Im Rahmen der Lehrveranstaltung „Laboratory for Music Research“ an der Jam Music LAB University setzten sich die Studierenden mit dem Thema Nachhaltigkeit im Bereich Jazz- & Popularmusik auseinander. Aufgabenstellung war die Entwicklung und Fertigstellung eines Artistic Research Projektes zum Thema Nachhaltigkeit mit Bezugnahme auf die UNO-Agenda 2030.

Die Einladung der Singer-Songwriterin und Autorin Raphaela Shalman (Künstlername: RONJA*) zur im November 2020 stattfindenden Benefizgala „Gemeinsam Kinderarmut abschaffen“, jährlich veranstaltet von der Volkshilfe in Wien, dient als Rahmen dieses künstlerischen Forschungsprojektes. Die 2005 ins Leben gerufenen Benefizgala dient der nachhaltigen Unterstützung armutsgefährdeter Kinder in Österreich durch eine Spendenaktion und das Vorhaben, Kinderarmut in Österreich längerfristig gänzlich abzuschaffen. Die Autorin wurde beauftragt, einen musikalischen Beitrag für diese Gala zu schaffen, dessen Entstehungsprozess in diesem Beitrag nachgezeichnet wird. Dabei wird ein besonderer Fokus auf die enge Beziehung zwischen kompositorischer Arbeit und dem kontinuierlich wachsenden kontextualen Wissen der Autorin/Komponistin gelegt.
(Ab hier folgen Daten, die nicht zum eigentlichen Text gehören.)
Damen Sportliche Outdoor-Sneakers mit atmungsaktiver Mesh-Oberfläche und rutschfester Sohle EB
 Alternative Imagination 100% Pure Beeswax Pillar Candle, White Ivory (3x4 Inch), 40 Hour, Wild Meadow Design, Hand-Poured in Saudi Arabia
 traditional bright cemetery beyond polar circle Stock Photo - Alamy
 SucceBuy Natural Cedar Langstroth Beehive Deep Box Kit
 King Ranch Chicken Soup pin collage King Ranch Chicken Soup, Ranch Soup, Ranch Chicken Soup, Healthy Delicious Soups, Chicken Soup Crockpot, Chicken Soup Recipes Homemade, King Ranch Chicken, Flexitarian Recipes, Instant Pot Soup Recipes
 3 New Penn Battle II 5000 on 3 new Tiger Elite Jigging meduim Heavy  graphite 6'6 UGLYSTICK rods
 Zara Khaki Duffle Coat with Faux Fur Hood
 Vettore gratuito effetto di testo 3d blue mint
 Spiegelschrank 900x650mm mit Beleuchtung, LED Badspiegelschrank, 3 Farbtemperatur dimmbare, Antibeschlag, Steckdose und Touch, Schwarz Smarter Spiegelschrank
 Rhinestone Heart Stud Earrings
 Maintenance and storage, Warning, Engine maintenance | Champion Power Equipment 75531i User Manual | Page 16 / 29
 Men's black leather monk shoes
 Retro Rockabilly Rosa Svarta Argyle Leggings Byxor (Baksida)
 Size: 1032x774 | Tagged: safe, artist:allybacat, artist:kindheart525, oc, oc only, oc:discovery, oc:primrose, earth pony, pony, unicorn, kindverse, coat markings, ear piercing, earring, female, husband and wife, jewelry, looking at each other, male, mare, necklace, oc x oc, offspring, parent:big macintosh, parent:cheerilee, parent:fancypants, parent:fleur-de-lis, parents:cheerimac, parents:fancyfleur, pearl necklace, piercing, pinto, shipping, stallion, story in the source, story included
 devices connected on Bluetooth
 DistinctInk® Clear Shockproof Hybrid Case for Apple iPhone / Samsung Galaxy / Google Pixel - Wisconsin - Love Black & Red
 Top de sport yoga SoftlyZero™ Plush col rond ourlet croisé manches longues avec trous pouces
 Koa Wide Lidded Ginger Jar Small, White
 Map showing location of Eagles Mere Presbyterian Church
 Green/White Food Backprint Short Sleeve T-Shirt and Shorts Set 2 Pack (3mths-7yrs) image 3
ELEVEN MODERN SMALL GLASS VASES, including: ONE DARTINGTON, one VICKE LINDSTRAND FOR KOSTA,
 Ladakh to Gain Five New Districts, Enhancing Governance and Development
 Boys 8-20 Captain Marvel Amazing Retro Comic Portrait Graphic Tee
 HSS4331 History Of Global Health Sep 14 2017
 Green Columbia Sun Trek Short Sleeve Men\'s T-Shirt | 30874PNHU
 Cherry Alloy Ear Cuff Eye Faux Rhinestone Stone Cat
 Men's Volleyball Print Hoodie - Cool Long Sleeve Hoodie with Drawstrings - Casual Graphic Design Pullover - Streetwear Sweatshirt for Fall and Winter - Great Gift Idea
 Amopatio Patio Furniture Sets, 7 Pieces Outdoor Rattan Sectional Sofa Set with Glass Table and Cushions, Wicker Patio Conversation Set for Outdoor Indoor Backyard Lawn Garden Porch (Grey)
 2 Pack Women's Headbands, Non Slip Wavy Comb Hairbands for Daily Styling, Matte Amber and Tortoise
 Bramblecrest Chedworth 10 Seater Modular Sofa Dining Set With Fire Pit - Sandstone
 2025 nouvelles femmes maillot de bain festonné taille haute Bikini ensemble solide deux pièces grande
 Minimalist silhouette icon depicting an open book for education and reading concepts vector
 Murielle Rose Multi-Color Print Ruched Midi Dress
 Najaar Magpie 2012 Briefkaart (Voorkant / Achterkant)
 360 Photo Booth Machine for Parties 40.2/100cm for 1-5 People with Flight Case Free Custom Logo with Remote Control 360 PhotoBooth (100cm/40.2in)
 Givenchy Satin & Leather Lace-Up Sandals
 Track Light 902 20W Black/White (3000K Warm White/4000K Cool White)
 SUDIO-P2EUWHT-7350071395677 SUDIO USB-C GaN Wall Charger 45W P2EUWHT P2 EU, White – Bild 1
1.1. Persönliche Aspekte und Gedanken der Künstlerin

Das Thema Nachhaltigkeit begleitet mich von meiner Kindheit an bis heute. Meine Eltern zogen auf´s Land, um als Selbstversorger zu leben. Ich bin anfänglich ohne Bad, mit Trockentoilette in einem alten Bauernhaus aufgewachsen. Meine Eltern, beide leidenschaftliche Idealisten und Gründer des Vereins „Für die Erde für das Leben“, beschäftigten sich intensiv mit der Kultur der Hopi-Indianer. Sie setzten sich für ihre Friedens- und Umweltbewegung ein und versuchten schon damals, in den 80ern, die Menschheit „wachzurütteln“. Am 22.11.1993 nahm mein Vater Alexander Buschenreiter als freier Journalist an der UN-Konferenz „Cry of the Earth“ teil. Sieben indianische Delegationen aus den USA, Kanada und Mexiko traten im Saal des UN-Wirtschafts- und Sozialrates in New York City auf und präsentierten mündlich überlieferte Prophezeiungen, die sich auf die aktuelle Situation von Erde und Menschheit beziehen. Der Aufruf nach einem Leben in Einklang mit der Natur, nach einem nachhaltigen Lebensstil, ein Leben für unsere Kinder und Kindeskinder, ein Aufruf nach Veränderung und der Notwendigkeit eines Richtungswechsels war schon damals in dieser UN-Konferenz großes Thema. Mein Vater berichtet in seinen Büchern über Hopi-Indianer darüber. 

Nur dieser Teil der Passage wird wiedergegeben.